By contrast, where the debtor company is “balance sheet” insolvent (i.e., has more liabilities than assets) at the time of the initial application, its assets are insufficient to satisfy creditors’ claims, and equity investors usually have no financial interest in the outcome of proceedings given their lower priority ranking.

The Court of Appeal acknowledged that a comprehensive account of the debtor company’s assets and liabilities is rarely available at the initial application stage, and little information detailing the appellants’ insolvency was available here. The appropriate threshold requires the equity investor to demonstrate only a reasonable possibility that the assets are of greater value than the non-equity claims.

Other notable issues before the Court of Appeal

The Texas LLCs fell outside the CCAA’s definition of “debtor company,” defined as a company that is either incorporated in Canada or conducts business or has assets in Canada. Among other requirements, it defines “debtor company” as a company that is insolvent, which is why the Canadian WFC entities, not found to be individually insolvent, also escaped its definition. That said, the Court of Appeal held that supervising courts have statutory authority under Section 11 of the CCAA to subject non-debtor companies to initial orders where it is appropriate in the circumstances.

The Court of Appeal held that Section 3(1) of the CCAA, which states that the CCAA applies “in respect of a debtor company or affiliated debtor companies,” merely triggers the application of the CCAA without limiting the court’s authority under Section 11 of the CCAA.

Put differently, once the Section 3(1) of the CCAA threshold is satisfied, meaning at least one debtor company faces claims totalling more than $5 million, the CCAA applies and the supervising court may use its discretion to make orders binding non-debtor companies that are appropriately connected to a debtor company. Discussing foreign incorporated companies, the Court of Appeal noted that, at a minimum, the non-debtor company must be integrally and closely related to the debtor companies’ business such that the order is necessary to achieve the purposes of the proceedings.

There are several cases in which courts have exercised their statutory authority under Section 11 of the CCAA to issue orders extending to non-debtor companies. However, as the Court of Appeal noted, there were no prior cases in which a court granted powers to a “super monitor” to manage a non-debtor company’s business and control its assets.

The Court of Appeal reapplied the same reasoning to the Canadian WFC entities: Once the threshold for the application of the CCAA is satisfied, the authority under Section 11 of the CCAA extends to making orders that bind non-debtor companies, including solvent entities.

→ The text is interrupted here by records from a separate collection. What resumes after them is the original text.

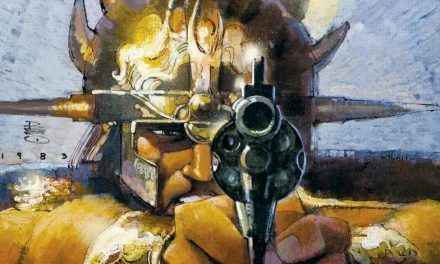 «Conan el Bárbaro: What If?» (Varios autores, Panini Cómics)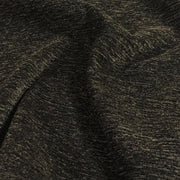 Richloom Upholstery Fabric Chenille Trek Charcoal Toto Fabrics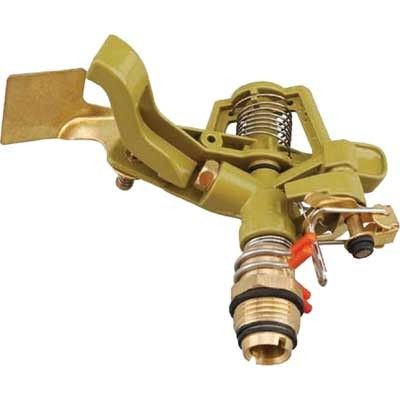Irrigatore a settore metalic Cardinale
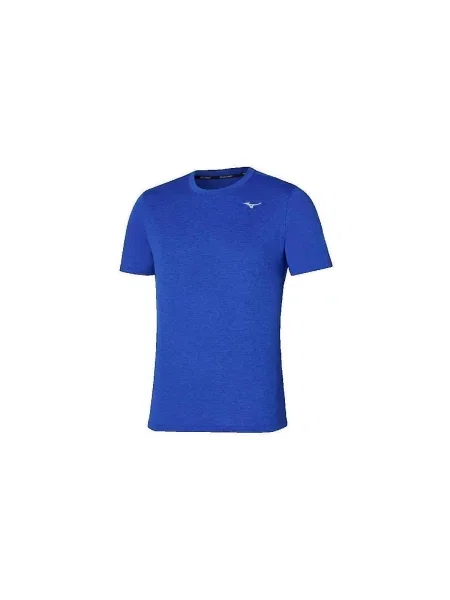 Tricou Mizuno albastru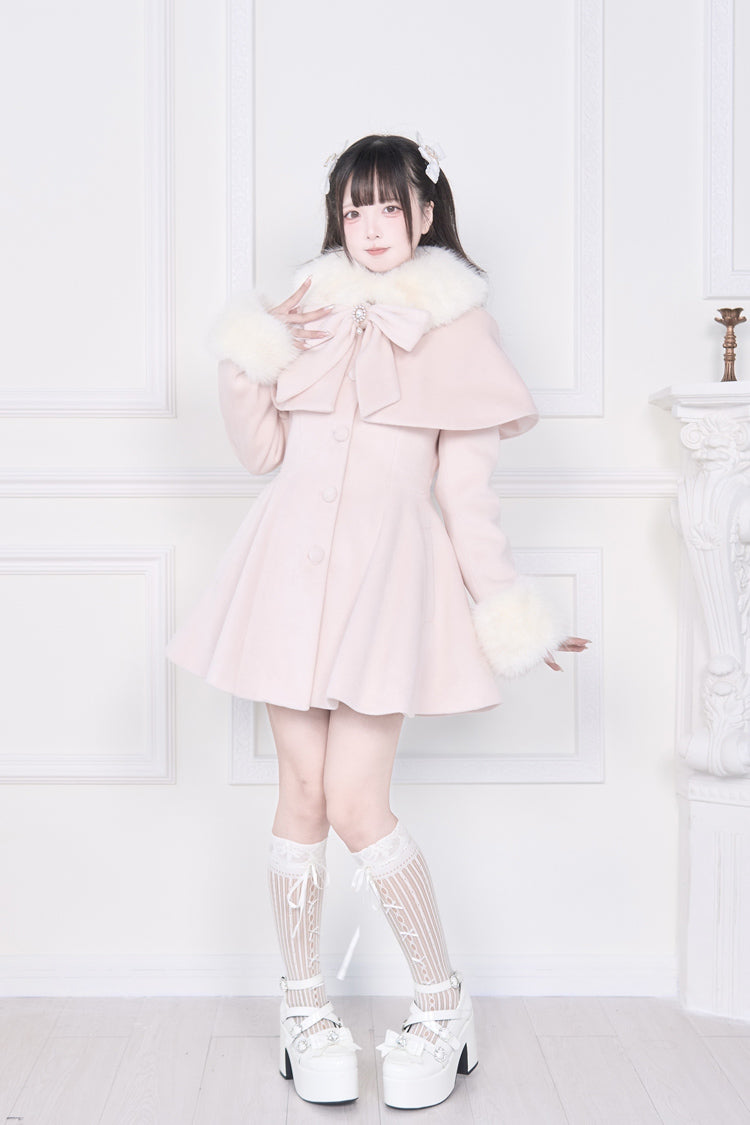 Beautifully Crafted Coat in a Classic Style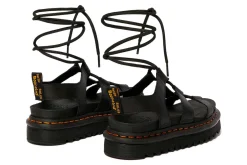 Dr. Martens Sandalias De Plataforma Nartilla Hydro 24641001^Mujer Sandalias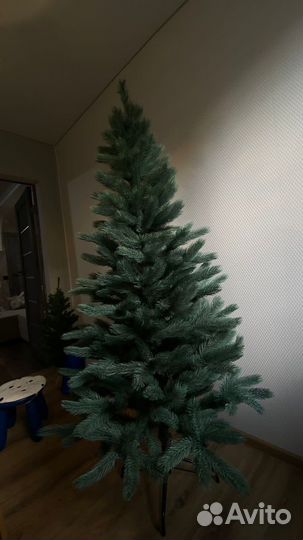 Елка искусственная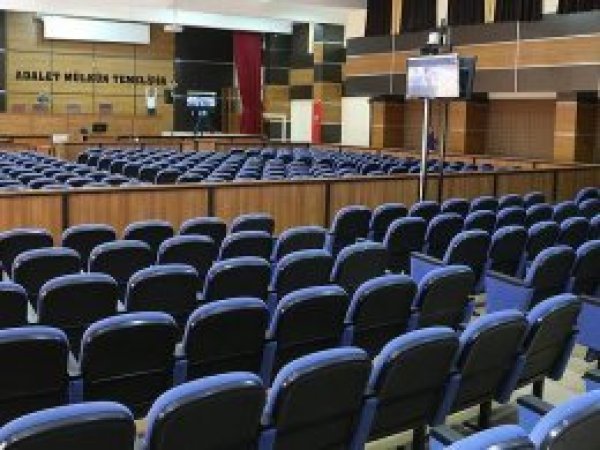 Siirt’te darbecilerin yargılanması başlıyor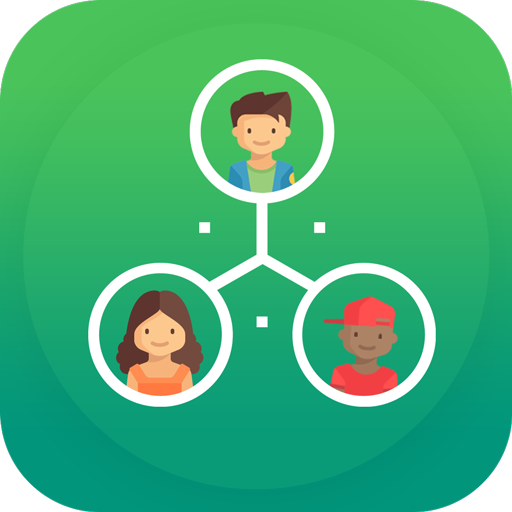 Group Chat icon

The Court of Appeal also held that, in appropriate circumstances, a company may be treated as insolvent where it forms part of a group that is collectively insolvent. The Court of Appeal identified no single determinative principle for when insolvency should be assessed on a collective basis, but concluded that it was appropriate here, as the companies were “part of an intertwined whole.”

Key Takeaways

The decision confirms that equity investors may initiate CCAA proceedings provided they have a financial interest in the outcome, thereby qualifying as “persons interested” within the meaning of Section 11 of the CCAA. This requires a reasonable possibility that the debtor company is cash flow insolvent while its total assets exceed its liabilities.

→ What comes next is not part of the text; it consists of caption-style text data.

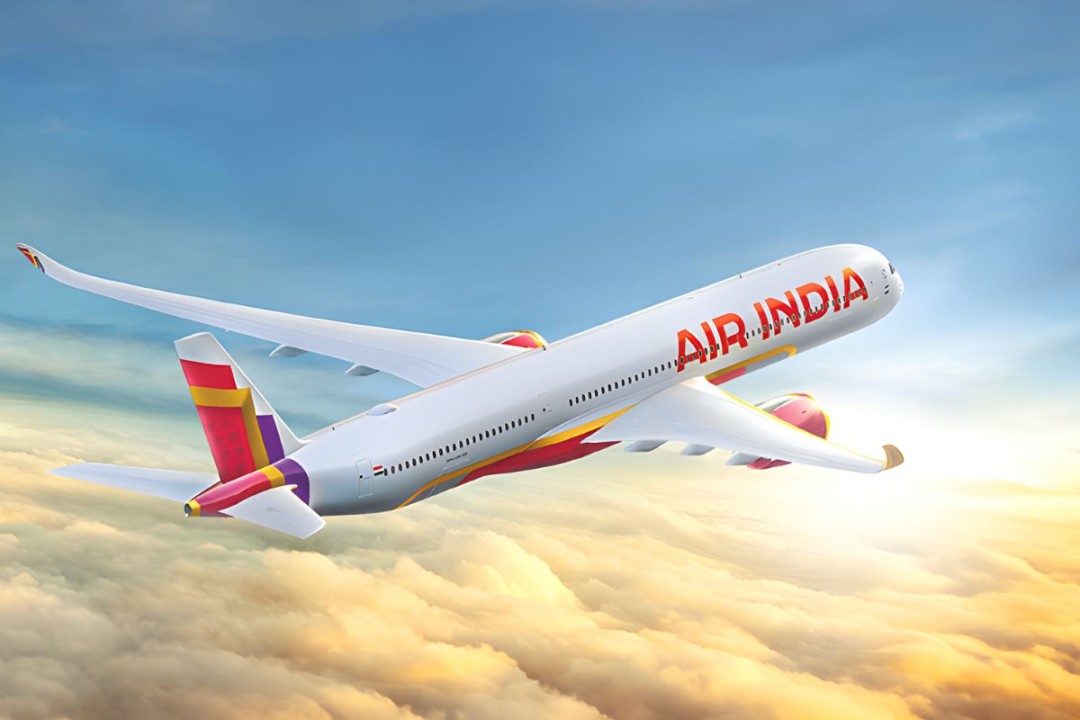 Air India ‘Namaste World’ Sale: Domestic Flights Starting at Rs 1,499, International Flights from Rs 12,577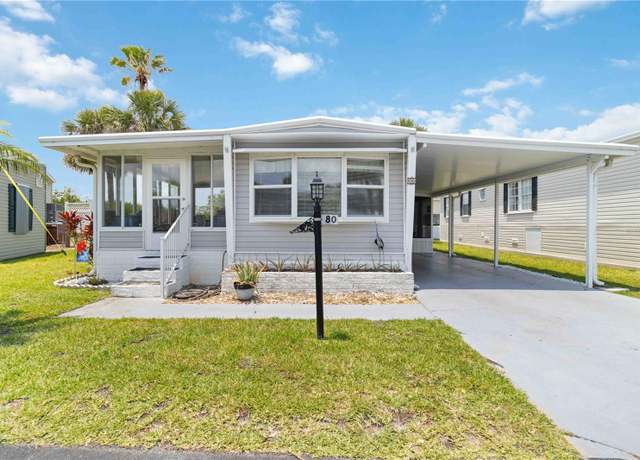 Property at 10303 Burnt Store Rd #80, Punta Gorda, FL 33950, 1 bed, 1 bath
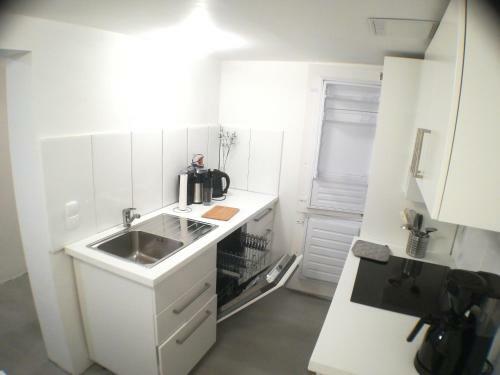 Apartamento Markgrafenm�hle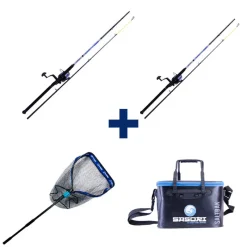 SASORI Packs Et Ensembles-Pack Combos Bateau 240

CCAA proceedings may also extend to foreign companies with no business or assets in Canada where those companies are integrally and closely related to the debtor companies’ business and to non-debtor solvent entities. Moreover, a company may be treated as insolvent when closely intertwined with a group that is collectively insolvent.

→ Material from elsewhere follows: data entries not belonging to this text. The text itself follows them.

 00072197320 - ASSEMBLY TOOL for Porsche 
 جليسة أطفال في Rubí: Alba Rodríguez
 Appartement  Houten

For U.S. and Canadian investors in cross-border real estate ventures and structured investments, this decision opens new doors. Where an investment vehicle becomes distressed, equity holders now have a potential path to initiate CCAA proceedings, a tool typically understood to be available only to debtors and creditors. Those proceedings can pull in foreign entities and non-debtor solvent entities where appropriate, giving restructuring efforts a broader reach across borders and corporate structures.